Even before Japanese voters returned Shinzo Abe’s party to power, he had already won over financial markets with an economic revival plan as seductively simple as economists say it is risky: print money and spend it.
Lots of it.
The Liberal Democratic Party’s landslide yesterday is likely to sustain a market rally fuelled by economic stimulus hopes, but Abe’s economic legacy will probably be defined by how he tackles chronic ills that easy money alone cannot fix and that were largely ignored during the campaign.
The conservative leader, set to return to the prime minister’s post he abruptly left in 2007, campaigned on a promise to double spending on public works and to push the Bank of Japan for radical action to end deflation and help exporters such as Toyota and Sony by taming the yen.
“The fact that Abe points to changes in the BOJ law or forex levels, or aggressive easing as solutions to Japan’s problems is, if anything, worrying,” said Yuuki Sakurai, chief executive of Fukoku Capital Management which manages $19bn (€14.43bn) in assets.
“They should be treated as tools to buy time to implement structural reforms, but we’re not hearing anything about deep reforms that the LDP wants to carry out.”
The so-called Abe trade — a 4% slide in the yen and more than a 10% rise in stock prices over the past month — shows that for now, most investors just want to see the new leader fulfil his pledges.

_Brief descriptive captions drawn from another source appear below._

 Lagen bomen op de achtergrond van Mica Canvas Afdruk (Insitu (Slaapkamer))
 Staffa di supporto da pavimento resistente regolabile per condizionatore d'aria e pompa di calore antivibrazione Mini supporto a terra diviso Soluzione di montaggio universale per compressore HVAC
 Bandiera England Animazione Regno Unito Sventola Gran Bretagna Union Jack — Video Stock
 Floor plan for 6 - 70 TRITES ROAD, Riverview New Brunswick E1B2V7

The BOJ is poised to heed Abe’s calls for more aggressive easing and a more ambitious 2% inflation target, with markets expecting the central bank to ease policy for the fifth time this year on Thursday.
Investors also expect an extra budget of up to 10trn yen (€90bn) as a down payment on Abe’s plan to spend such amounts per year over the next decade — double the current level — on public works long synonmous with the LDP.

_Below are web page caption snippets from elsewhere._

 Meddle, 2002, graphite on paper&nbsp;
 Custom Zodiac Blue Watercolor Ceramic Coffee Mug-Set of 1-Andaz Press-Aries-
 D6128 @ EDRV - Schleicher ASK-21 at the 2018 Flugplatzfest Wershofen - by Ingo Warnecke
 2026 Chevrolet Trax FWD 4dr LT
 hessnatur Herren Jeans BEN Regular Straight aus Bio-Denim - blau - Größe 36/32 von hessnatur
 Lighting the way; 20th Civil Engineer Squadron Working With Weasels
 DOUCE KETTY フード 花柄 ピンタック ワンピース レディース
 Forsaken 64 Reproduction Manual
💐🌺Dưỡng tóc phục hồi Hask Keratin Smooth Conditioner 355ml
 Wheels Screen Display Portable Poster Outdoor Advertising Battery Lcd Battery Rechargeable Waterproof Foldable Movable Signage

Left to sink or swim with swings in overseas demand for its exports and its currency, the world’s third-largest economy has been in and out of recession and dogged by low-grade deflation for the past two decades.

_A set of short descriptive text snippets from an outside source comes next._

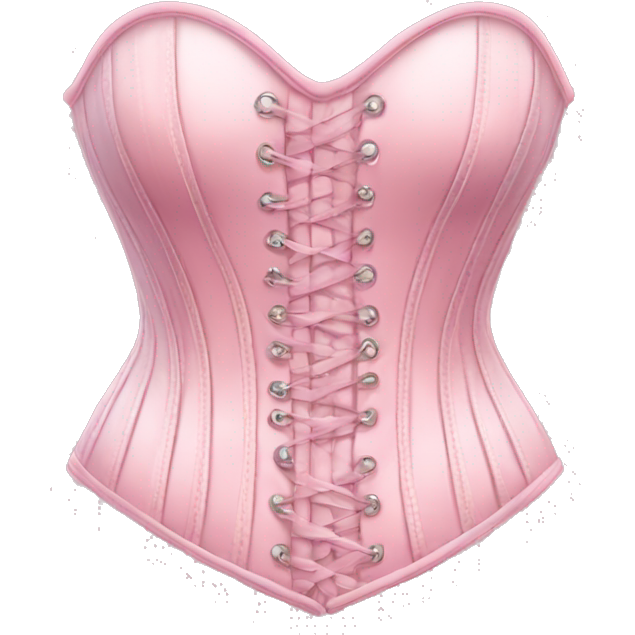 Pastel pink corset
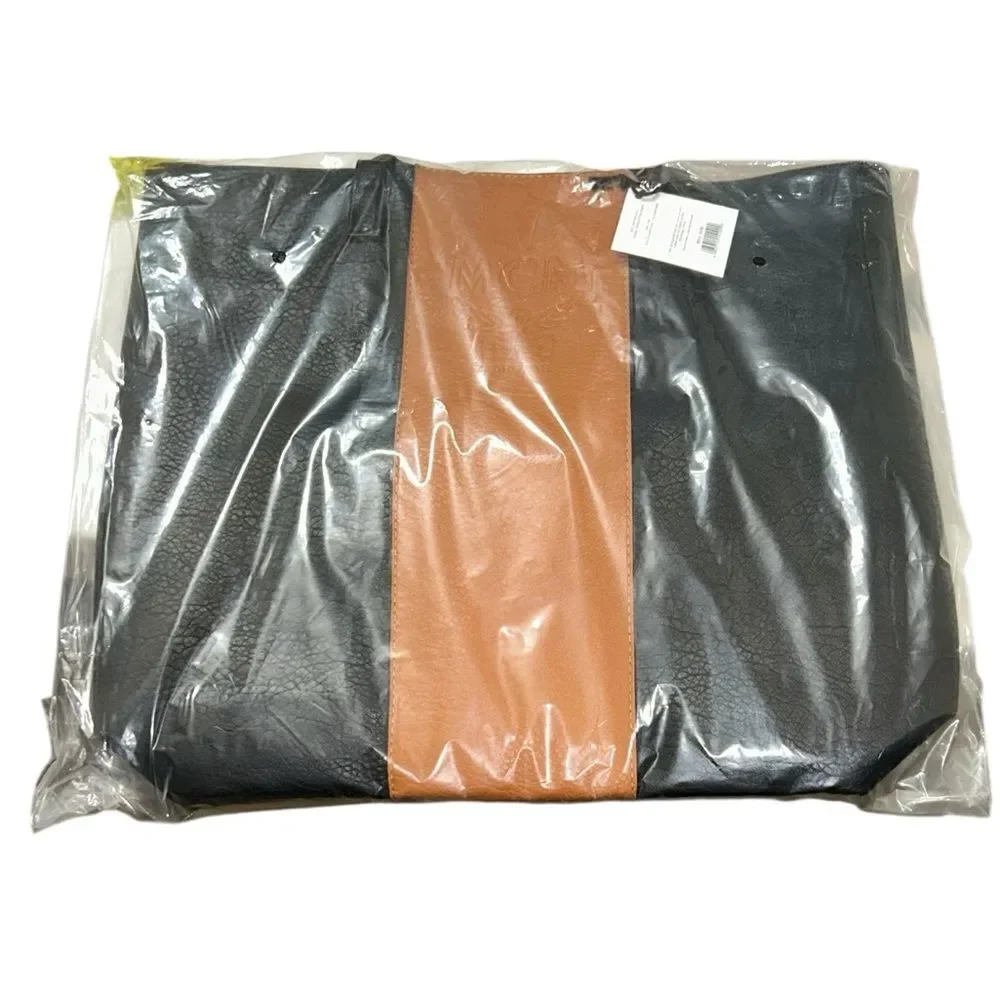 MCM, black and cognac tote Authentic GWP
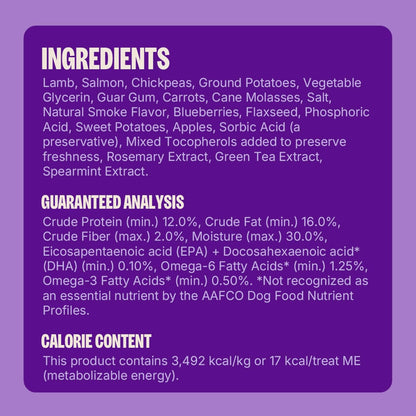 Wellness Soft Puppy Bites Dog Training Treats, Natural, Grain Free, Lamb and Salmon Recipe, 8 Oz Bag7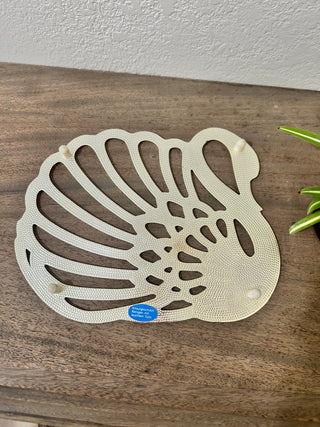 Vintage Silver plated swan trivet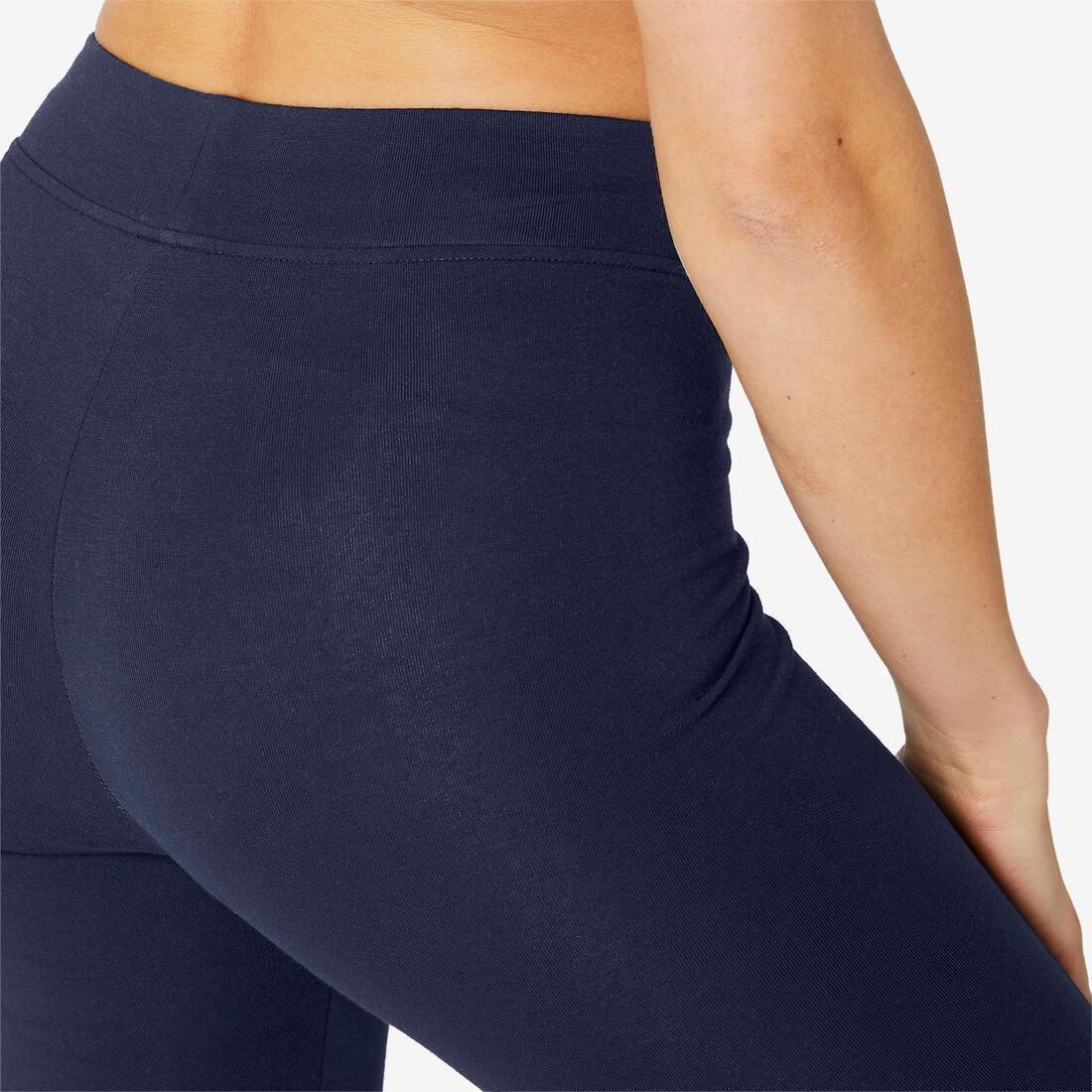 W28 L31  Slim-Fit Majority Cotton Fitness Cropped Bottoms Fit+ - Black, , large image number 14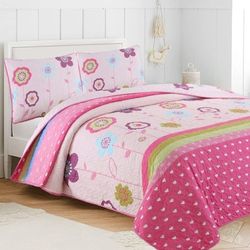 Queen Size Girl's Bedding Set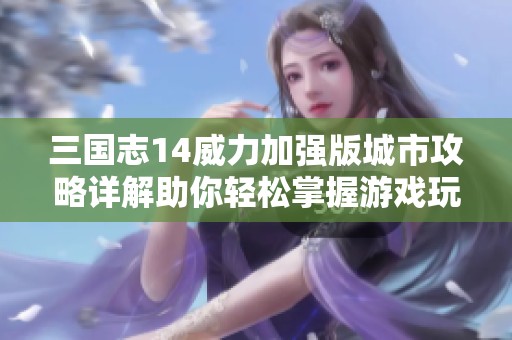三國(guó)志14威力加強(qiáng)版城市攻略詳解助你輕松掌握游戲玩法與策略技巧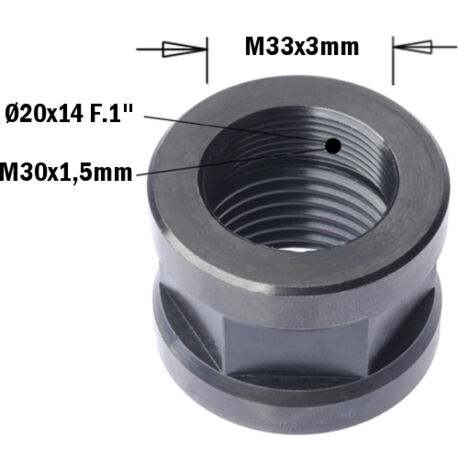 993.030.02 ECROU M30X1.5 GAUCHE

Now, in firm control of the lower house, Abe has a chance to prove his mettle. So far he has played it safe. His “Abenomics” — a mix of potent monetary stimulus and big public spending — carries little political cost and he has been coy on touchy issues such the US-led Trans-Pacific Partnership free trade pact, or implementing sales tax increases.
With some luck, the new government may even be able to call an end to a brief recession it entered last quarter.
Economists polled by Reuters last week predict the economy will start growing again in the first quarter of next year, largely due to expected recovery in China, Japan’s top export market.
Abe’s first stern economic test will come after August, when the government, armed with second-quarter data, will decide whether the economy is strong enough to go ahead with a first round of planned sales tax hikes.
With 10-year bond yields near a decade low below 0.7%, bond investors are confident he can steer the central bank to buy more bonds from the world’s most indebted government without sparking a market meltdown.
To keep that trust, Abe must convince investors that in his push for big scale-stimulus, he has not abandoned budget discipline. Economists say with Japan’s public debt at more than twice its economic output and climbing, the new government can ill-afford delaying a tax hike that has become a symbol of Tokyo’s fiscal rectitude. Their message is clear: “Just do it!”